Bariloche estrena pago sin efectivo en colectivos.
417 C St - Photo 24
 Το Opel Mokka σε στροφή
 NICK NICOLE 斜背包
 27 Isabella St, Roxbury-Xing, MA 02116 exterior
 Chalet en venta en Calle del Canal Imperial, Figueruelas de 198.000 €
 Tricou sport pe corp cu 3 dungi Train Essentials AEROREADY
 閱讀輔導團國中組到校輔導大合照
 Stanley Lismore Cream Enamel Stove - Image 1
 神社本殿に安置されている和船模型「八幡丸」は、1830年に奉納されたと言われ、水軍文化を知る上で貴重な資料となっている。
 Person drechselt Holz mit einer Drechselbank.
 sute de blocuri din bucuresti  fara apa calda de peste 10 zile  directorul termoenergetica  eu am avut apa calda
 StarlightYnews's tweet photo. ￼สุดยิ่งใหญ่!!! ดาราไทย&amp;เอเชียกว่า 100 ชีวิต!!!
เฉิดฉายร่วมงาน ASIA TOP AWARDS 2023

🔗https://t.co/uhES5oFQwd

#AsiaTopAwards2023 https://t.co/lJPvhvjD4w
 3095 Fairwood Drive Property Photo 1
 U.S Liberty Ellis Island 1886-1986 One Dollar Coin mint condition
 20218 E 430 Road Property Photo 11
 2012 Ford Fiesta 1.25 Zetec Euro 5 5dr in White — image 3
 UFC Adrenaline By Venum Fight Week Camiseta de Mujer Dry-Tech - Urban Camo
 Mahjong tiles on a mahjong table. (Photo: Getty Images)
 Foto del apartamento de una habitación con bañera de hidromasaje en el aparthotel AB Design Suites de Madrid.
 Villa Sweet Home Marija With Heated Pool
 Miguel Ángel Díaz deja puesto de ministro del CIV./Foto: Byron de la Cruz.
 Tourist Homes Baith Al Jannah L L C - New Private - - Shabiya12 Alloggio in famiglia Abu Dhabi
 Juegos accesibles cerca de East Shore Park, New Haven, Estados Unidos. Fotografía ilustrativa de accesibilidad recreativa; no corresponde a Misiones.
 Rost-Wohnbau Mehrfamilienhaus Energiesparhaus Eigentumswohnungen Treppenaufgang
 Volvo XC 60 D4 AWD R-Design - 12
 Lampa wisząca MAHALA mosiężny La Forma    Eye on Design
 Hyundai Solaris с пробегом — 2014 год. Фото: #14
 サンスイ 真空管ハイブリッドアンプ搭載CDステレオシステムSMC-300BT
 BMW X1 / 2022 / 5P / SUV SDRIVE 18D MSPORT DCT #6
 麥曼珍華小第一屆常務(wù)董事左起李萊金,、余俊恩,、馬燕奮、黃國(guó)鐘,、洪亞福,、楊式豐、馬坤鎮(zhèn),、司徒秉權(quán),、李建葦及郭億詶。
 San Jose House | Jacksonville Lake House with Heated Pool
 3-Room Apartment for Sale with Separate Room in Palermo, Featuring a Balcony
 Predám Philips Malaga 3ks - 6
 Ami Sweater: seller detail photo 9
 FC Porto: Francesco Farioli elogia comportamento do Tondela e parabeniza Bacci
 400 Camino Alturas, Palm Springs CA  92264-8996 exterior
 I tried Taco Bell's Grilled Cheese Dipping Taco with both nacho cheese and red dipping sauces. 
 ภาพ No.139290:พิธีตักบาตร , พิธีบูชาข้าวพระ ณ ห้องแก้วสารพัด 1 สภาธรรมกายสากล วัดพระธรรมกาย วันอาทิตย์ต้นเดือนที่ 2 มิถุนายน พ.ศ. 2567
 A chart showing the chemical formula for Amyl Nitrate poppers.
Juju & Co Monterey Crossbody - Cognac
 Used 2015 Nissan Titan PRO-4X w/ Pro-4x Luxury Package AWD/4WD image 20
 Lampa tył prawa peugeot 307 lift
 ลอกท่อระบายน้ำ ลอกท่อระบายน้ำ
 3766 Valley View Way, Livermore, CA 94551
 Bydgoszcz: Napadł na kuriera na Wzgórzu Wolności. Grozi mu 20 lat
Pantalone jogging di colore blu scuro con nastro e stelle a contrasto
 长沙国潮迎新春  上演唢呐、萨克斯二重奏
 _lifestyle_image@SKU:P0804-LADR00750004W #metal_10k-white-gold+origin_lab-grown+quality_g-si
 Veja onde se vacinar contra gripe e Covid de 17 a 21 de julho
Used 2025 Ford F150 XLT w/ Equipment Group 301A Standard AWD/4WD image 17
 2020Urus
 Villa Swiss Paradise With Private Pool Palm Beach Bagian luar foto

WHAT YOU ARE ASKED TO DO ▸
From the entries above, list each line with "https" in it.

RESULT OF THIS TASK ▸
🔗https://t.co/uhES5oFQwd
#AsiaTopAwards2023 https://t.co/lJPvhvjD4w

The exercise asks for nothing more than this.